I Need Help Switching Out Of A Conditioned Poverty Mindset Since Childhood
I’m at my Moms house and I asked to have ONE grape tomato, and she said to stop “eating everything” because she has no money. I only ate a can of tuna today until we had portioned dinner. I reached for a glass of water and got yelled at that we don’t “have any more gallons of water or money to get any”. I took a shower and she came running upstairs saying to cut the water off. If I open the refrigerator or reach for anything at all she gets upset and says everything is counted for. Do you know how small a grape tomato is? Then she was walking around the house saying x and y enjoy it know because we can’t afford it. This has been my entire life. The house is so cold I have to wear a fucking jacket to bed because the gas cost too much. There’s 3 people paying for the house rent.

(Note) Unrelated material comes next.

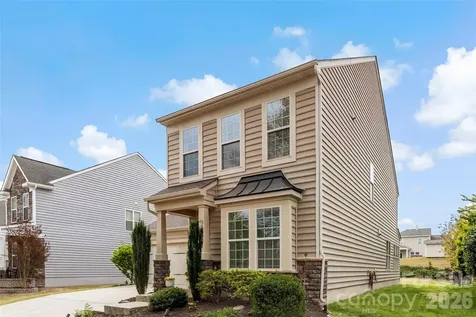 1532 Ridgehaven Road Waxhaw NC 28173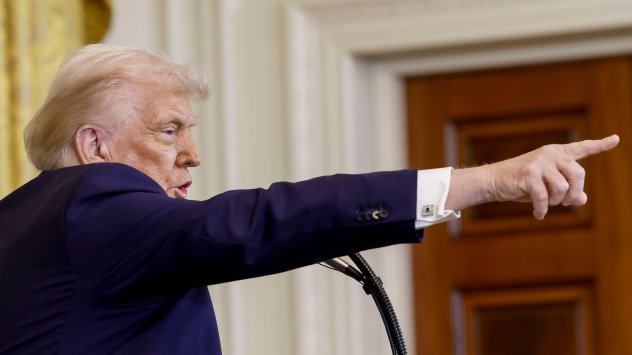 Снимка: Bloomberg L.P.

I’m just visiting and I brought my own food. The point is, EVERYTHING absolutely EVERY comment is followed by “we can’t afford it”. I can’t even wash my hair in the shower in peace because she’s like “I’m not paying for a plumber!” And now as an adult when I go to my own apartment I find myself fretting and counting food items and accepting a low quality of life because I don’t know what it’s like to spend to have a better form of life.
It’s so sickening and I feel it’s created a deep poverty mindset and idk how to transition.